To realize the scope of government authority before the decision, look no further than the dissenting opinion of the Court, written by Justice John Paul Stevens. Taking issue with the assertion of the conservative majority that speech would be stifled under the law, Stevens and his three concurring liberal counterparts offered what they saw as an act of generosity. Stevens writes, “Citizens United is a wealthy nonprofit corporation that runs a political action committee (PAC) with millions of dollars in assets. Under the Bipartisan Campaign Reform Act of 2002 (BCRA), it could have used those assets to…broadcast Hillary [the Movie] at any time other than the 30 days before the last primary election.” The dissenting Justices viewed a prohibition on the speech of freely associating people during the most critical junctures of elections as a compromise. My, how kind!

A cornerstone of Justice Steven’s dissent actually frames the Court’s majority perspective. He writes, “Going forward, corporations and unions will be free to spend as much general treasury money as they wish on ads that support or attack specific candidates…The court’s ruling thus dramatically enhances the role of corporations and unions and the narrow interests they represent.” What was meant to be a conviction of corporate recognition in the sphere of electioneering in fact hones the case for the majority. Rather than viewing a free-market endorsed conglomeration as representative of only a sliver of the people’s concerns, the sustained and self-selecting collection of workers evidences a concentration of citizens’ common interests. The beauty is this: potency of power turns proportionally on the free choices of individual actors, not on regulations of the state.

Progressives contend that a free-market model for determining appropriate speakers in the public sphere is based on a fallacy. To engage commercially with an incorporated body, they argue, is not a tacit endorsement of the entity’s agenda. It is impossible to imagine a society in which citizens participate economically solely with those with whom they fully agreed. In fact, as Justice Kennedy states in the majority opinion, both individuals and corporations employ fungible funds accrued from scores of transactions in the global economy. With that in mind, it becomes difficult to distinguish corporate speakers from otherwise associated individuals as a matter of principle, and therefore to hone in on what specifically sets incorporated entities apart as uniquely problematic.

The emergence of a parallel between individuals and incorporated entities in the funding of electioneering is indicative of two key truths. First, as Kennedy notes, the First Amendment does not allow for the quelling of speech based on the characteristics of the speaker’s identity.

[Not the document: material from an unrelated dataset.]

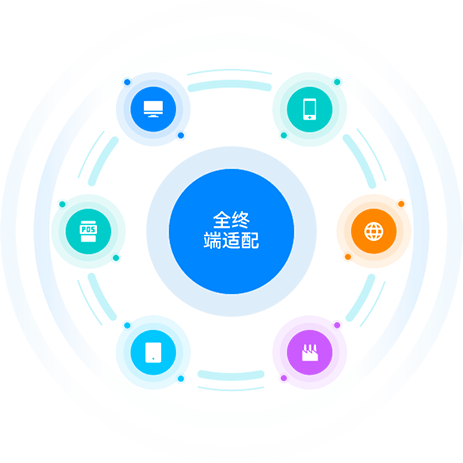 全终端适配，渠道服务全设备互通共享，为企业打造全面同步的营销管理网络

If no difference principle may be established to distinguish individuals from united actors, vast wealth is left as the corporation’s sole and supposedly problematic unique trait. Furthermore, if one is to accept the assertion of the dissent that an abundance of resources is directly proportional to influence, then the Court’s minority faction may be shown to be troubled only by the potency of the messages they fear corporations will be able to express. The shock value from staggering figures of money in politics is not enough to justify excluding a demographic from electioneering, especially if such participation cannot be shown to silence others. It is common to argue that corporate spending curbs private speech with disproportionately large resources, however those who make such a claim fail to recognize that corporate electioneering is itself private speech.

So, with all the warnings leading up to the election season, where is the crisis? With federal rules pruned, discourse has not plummeted and corruption has not skyrocketed. Instead, this election season includes a new demographic of speakers in public discourse. The Republican presidential nominee’s slip did not betray a prioritization of the rich over everyday people, but rather revealed an understanding that Americans have the right to assemble and participate in public discourse. When the Citizen’s United decision was handed down, that was the moment when the floodgates were supposed to open, and all our voices were going to be drowned out. Well, two and a half years after the decision, it remains to be seen what all the fuss was about.